Friday, March 20, 2009

Application Pwnership

Who owns this application? What can possibly be complicated about such a simple and innocent question?

Unfortunately, the answer to such a question is not that easy. Or at least, we have created software organizations that make it hard to answer.

Though it makes sense to have a division of labor between different teams qualified on certain aspects of software applications, the main problem resides in the partial system views that such a division creates.

Out of developers' hands, an application is oftentimes perceived by QA, DBAs or Operation teams as a giant black box:
(yes, it is a canonical black monolith of 1-4-9 proportions)

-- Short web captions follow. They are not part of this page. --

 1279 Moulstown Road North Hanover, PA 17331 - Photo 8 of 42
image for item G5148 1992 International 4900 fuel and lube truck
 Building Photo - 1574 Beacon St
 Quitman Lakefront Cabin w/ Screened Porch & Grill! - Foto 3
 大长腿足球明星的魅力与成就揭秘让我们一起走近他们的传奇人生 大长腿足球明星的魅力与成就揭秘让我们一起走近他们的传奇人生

In fact, this giant black box has a few keyholes on it and, through these keyholes, they can barely peer into it. Consequently, the black box effect leads to QA teams seeing applications as sets of buttons to push, DBAs seeing them as data and table spaces and Operation teams dealing only with cryptic log files and alarms of all sorts.

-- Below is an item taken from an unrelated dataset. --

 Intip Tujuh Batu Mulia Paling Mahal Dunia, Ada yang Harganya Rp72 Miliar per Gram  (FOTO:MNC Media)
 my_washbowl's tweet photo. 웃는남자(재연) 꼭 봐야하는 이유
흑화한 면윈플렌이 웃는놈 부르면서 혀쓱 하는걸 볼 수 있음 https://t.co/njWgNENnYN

No-one knows what is inside this darn black box. And when somethings goes haywire, only the Magician of Oz is deemed able to do something:


Now that everybody is so agile, this kind of concern may sound irrelevant. After all, developers are now generalizing specialists, so the barrier between them and other teams is now significantly lowered. Or is it?

The reality remains for the most part a difficult hand-off of applications between teams. I have seen different tentatives to improve things (including detailed operational manuals), but at the end of the day most of these attempts amounted to shallow knowledge transfers.

Ownership needs more.

Do you have any success story where applications have been successfully pwned by different teams?